## EXTRACTED MATERIAL
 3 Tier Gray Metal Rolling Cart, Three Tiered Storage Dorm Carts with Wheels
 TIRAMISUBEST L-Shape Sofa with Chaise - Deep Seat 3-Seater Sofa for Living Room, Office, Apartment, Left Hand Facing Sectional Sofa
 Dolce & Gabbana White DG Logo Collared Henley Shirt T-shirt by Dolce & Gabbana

--

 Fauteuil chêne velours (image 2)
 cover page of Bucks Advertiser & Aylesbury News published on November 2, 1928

--

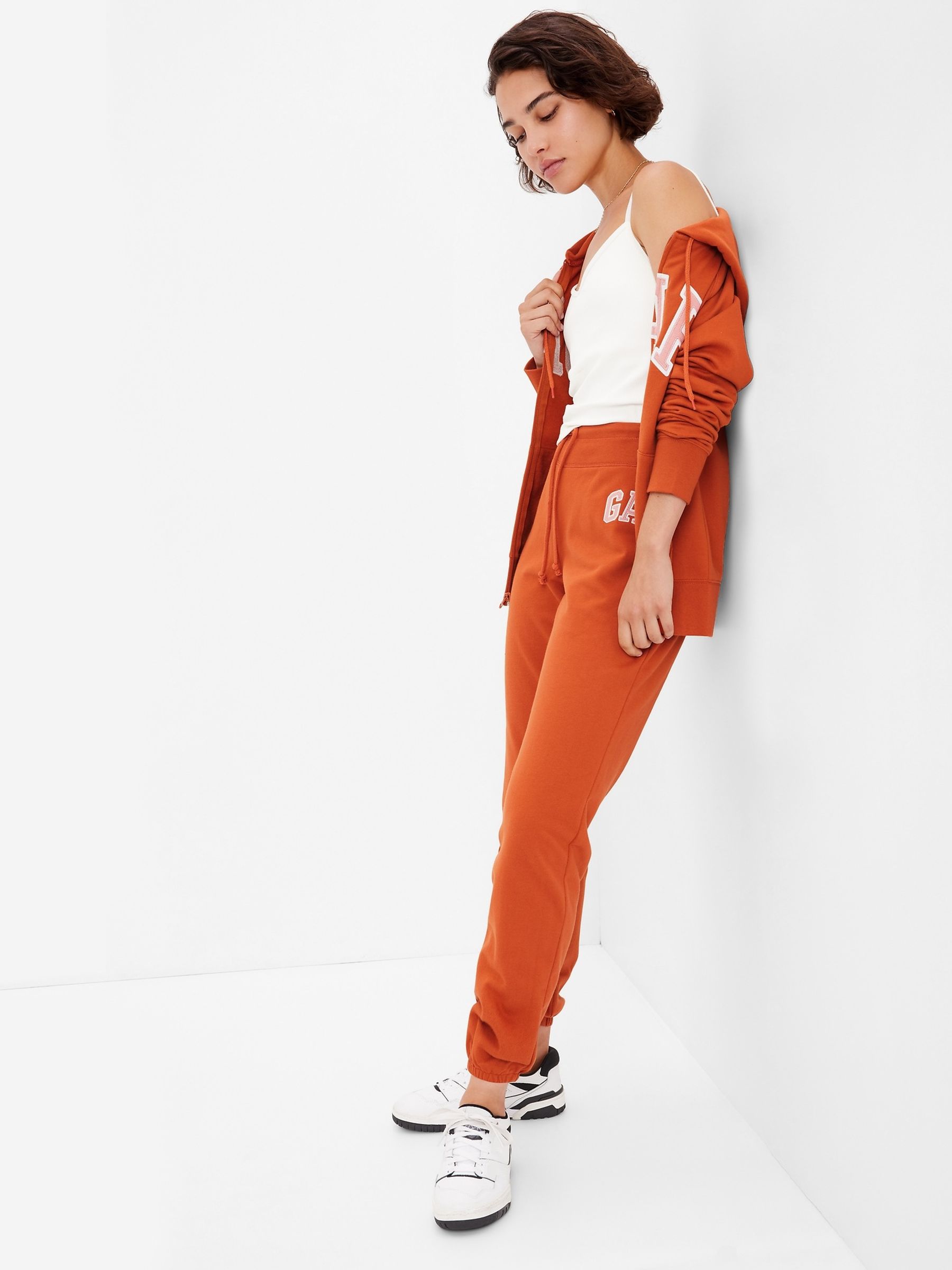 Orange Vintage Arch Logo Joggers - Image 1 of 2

## EXERCISE
If a line above holds the string "with", count it; give the final total as the only output.

## ANSWER SECTION
2